Video Adds Value to Websites and Blogs

by Sr. Susan Wolf, SND on June 6, 2011

in blog, Uncategorized, Video, website

The results of the recent poll taken by Catholic Web Solutions indicate that CWS followers, like the general social media population, use Facebook and YouTube the most. I have written about Facebook before, so let’s talk about video and YouTube today.


In February 2011, the blog Royal Pingdom reported these statistics about YouTube:

YouTube has 490 million users worldwide (unique visitors per month), generating an estimated 92 billion page views each month.

The average YouTube user visits the site 14 times per month, spending an average of 25 minutes on the site each time…

… these numbers were only for the YouTube website. Don’t forget all those embedded YouTube videos that are all over the place, in blogs, viewed on smartphones, etc.
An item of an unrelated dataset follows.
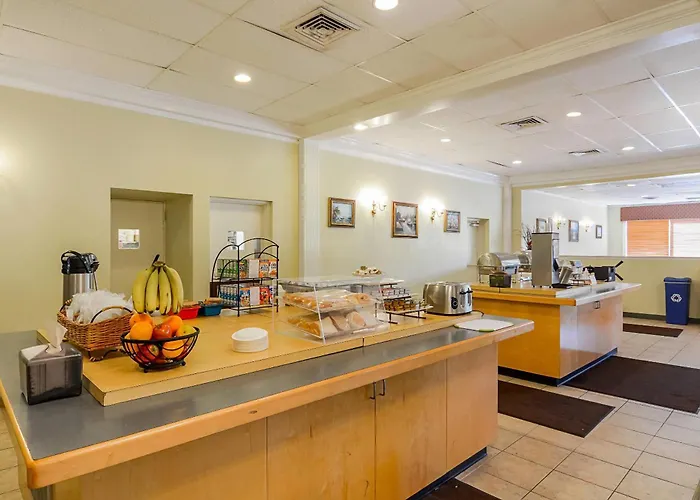 Clarion Inn Harpers Ferry-Charles Town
These numbers tell us that online video has a significant place in social media. Internet marketers tell us that it also is a highly effective tool for attracting attention, delivering a message and increasing traffic to a website or blog.

Creating a Video is Easier than Most People Think

Most Internet novices think creating a video is complicated, expensive and time consuming. That may be true for high-end professional video, but it is not necessarily true for the videos you and I want to post to promote mission. And we can upload videos (15 minutes or shorter) to YouTube for free.


I have created three different types of videos and I have uploaded each one to YouTube. At my community’s General Chapter held in Rome in November 2010, I used the Flip camera (no longer in production because it has been replaced by digital cameras and smartphones that have video functions) to record one-minute interviews with sisters from different language groups. I uploaded them to YouTube and embedded them on my Chapter blog. My instructions to the sisters were: “Talk to your sisters back home in your own language and tell them what this week was like for you.” Here is a link to the Week 2 videos. They added a personal touch to the blog.

Streaming PowerPoint

The second type of video was the streaming PowerPoint. I have used Articulate, an e-learning software tool that is excellent for creating online courses. Because of the price, you will only want to use Articulate if you are going to become a major producer of these videos. I have also used the free version of MyBrainshark to create a streaming PowerPoint called Tweeting Live Events.  It is very user friendly, served my purpose, and fit my budget.

Creative Messaging

For the third type of video, I used the free version of Animoto to create a 30 second video using upbeat music (from their library) and a few lines of text to celebrate the World Day of Prayer for Vocations. It was not sophisticated by any means, but it has had 179 views.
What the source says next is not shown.